A systemic approach is therefore required, overcoming the current deficit in restoration implementation [11,56]. Available restoration evidence, from pilot interventions such as the ones in the REST-COAST project (https://rest-coast.eu (accessed on 30 September 2025)), demonstrate across a set of social-ecological conditions (Figure 1) how upscaled restoration can align coastal adaptation with climate mitigation through blue carbon, natural hazard reduction, biodiversity gains, and improved environmental status [11]. These nine pilot initiatives pave the way to implement landscape-scale restoration, combining river–coast connectivity with nature-based solutions to recover coastal resilience through natural sediment and nutrient fluxes.
The pursued restoration upscaling is based on overcoming current barriers by suitable “enablers” (Figure 2), which increases the scale and pace of the implementation, commensurate with the projected acceleration of climate change for the remaining decades in this century [50,57]. The pilot interventions were selected as they refer to a variety of coastal vulnerability hotspots, including deltas, estuaries, and lagoons over nine sites that sweep a large enough set of social-ecological conditions to facilitate deriving exportable criteria and metrics [11]. The targeted habitats are dunes (emerged coastal area), wetlands (intertidal area) and seagrass meadows (submerged area), under complex constraints for the integration of governance, social, economic, and technical requirements. The pilot restorations carried out have served to develop a set of enablers, based on best practices for active and passive restoration techniques, supported by business plans and financial arrangements. Such an approach must be associated with a transformative governance, based on an increased engagement by all relevant coastal actors [55] to ensure sustainability.
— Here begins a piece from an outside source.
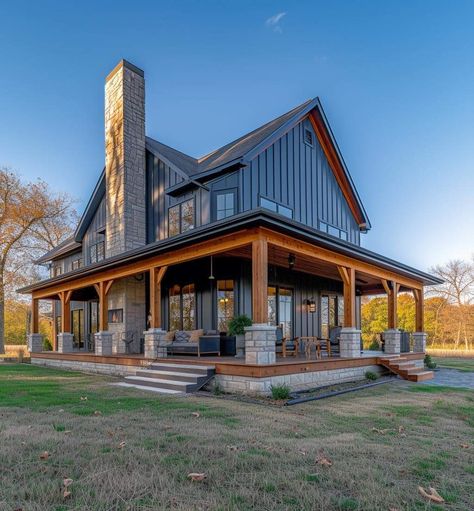 Pier And Beam House Exterior, Pier And Beam House, Adirondack Cottage, Dream Barndominium, Home Architecture Styles, Beam House, Barn Remodel, Home Styles Exterior, Lake Houses Exterior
Restoration upscaling can only be deployed and maintained through continued monitoring from which key performance indicators, co-selected by all relevant stakeholders, can be evaluated as a measure of restoration efficiency and limits [58]. Monitoring must be carried out at sufficient resolution to characterize different ecosystem services, but also maintained for long enough periods, commensurate with the time required by some ecosystems to recover or develop (e.g., seagrass transplantation or passive restoration). Observations should be supplemented by numerical simulations that predict the short-term impact of storm events (Figure 3) and project the long-term evolution (Figure 4) driven by climate change. Such a combination of observed and simulated data enables an objective ranking of restoration interventions and their sequencing, providing quantitative information on feasibility, initial costs, maintenance expenditure and benefits from the delivery of ecosystem services.
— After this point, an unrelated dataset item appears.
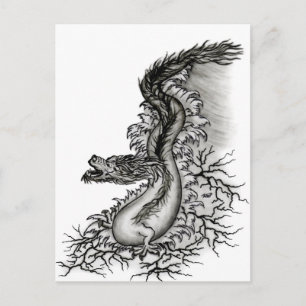 China Dragon, Black and white Design in Tattoostyl Postcard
The proposed systemic restoration must be co-designed by stakeholders from the river–coast continuum, combining technical, economic and governance criteria from various disciplines (biophysical and socioeconomic) across sectors (e.g., irrigation in the river catchment basin and tourism in the coastal zone) and scales (e.g., compatible short-term interventions to reduce coastal erosion with long-term plans to enhance resilience for the wider coastal fringe). To achieve the required convergence of criteria across stakeholders and maintenance across river to sea domains and scales, it is convenient to establish restoration agreements, backed by site-specific restoration platforms, tailored to the local governance structure, and complying with applicable legislation. These restoration platforms and agreements, including technical, financial and governance suggestions for a successful restoration, form the core of this paper. They are acting as enablers that increase the implementation pace and scale of restoration projects in the REST-COAST pilots and should be able to play the same role in worldwide coastal restorations.
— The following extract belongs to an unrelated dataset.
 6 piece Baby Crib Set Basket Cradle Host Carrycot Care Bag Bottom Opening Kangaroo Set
4. Ecosystem Restoration Agreements in Different Domains: Experiences and Enablers

Technical, financial, governance, and social barriers have been identified and categorized as frequent impediments to restoration success and upscaling, based on field data and previous analyses [40], as also described in Section 2.3. Co-designed agreements, framed by a common stencil, can be used as an enabler to overcome these barriers because they provide a consensus structure to embed restoration into coastal protection interventions and planning, linking the design, implementation, monitoring and maintenance stages.
This section explores case studies of existing restoration contracts in a variety of ecosystems, examining how they embedded enablers to overcome barriers. The proposed case studies were selected by searching for documented restoration contracts in forest conservation and restoration, wetland restoration, riverine restoration and on-going coastal restoration. The case studies appearing in this section present the clearest documentation on their agreement building process and contents. The outcomes of these case studies are compared and applied to coastal restoration pilots from the REST-COAST project, one of whose main goals is to foster the development and establishment of restoration agreements. The comparison presents how these pilots are implementing similar contracts to circumvent the main barriers for restoration upscaling.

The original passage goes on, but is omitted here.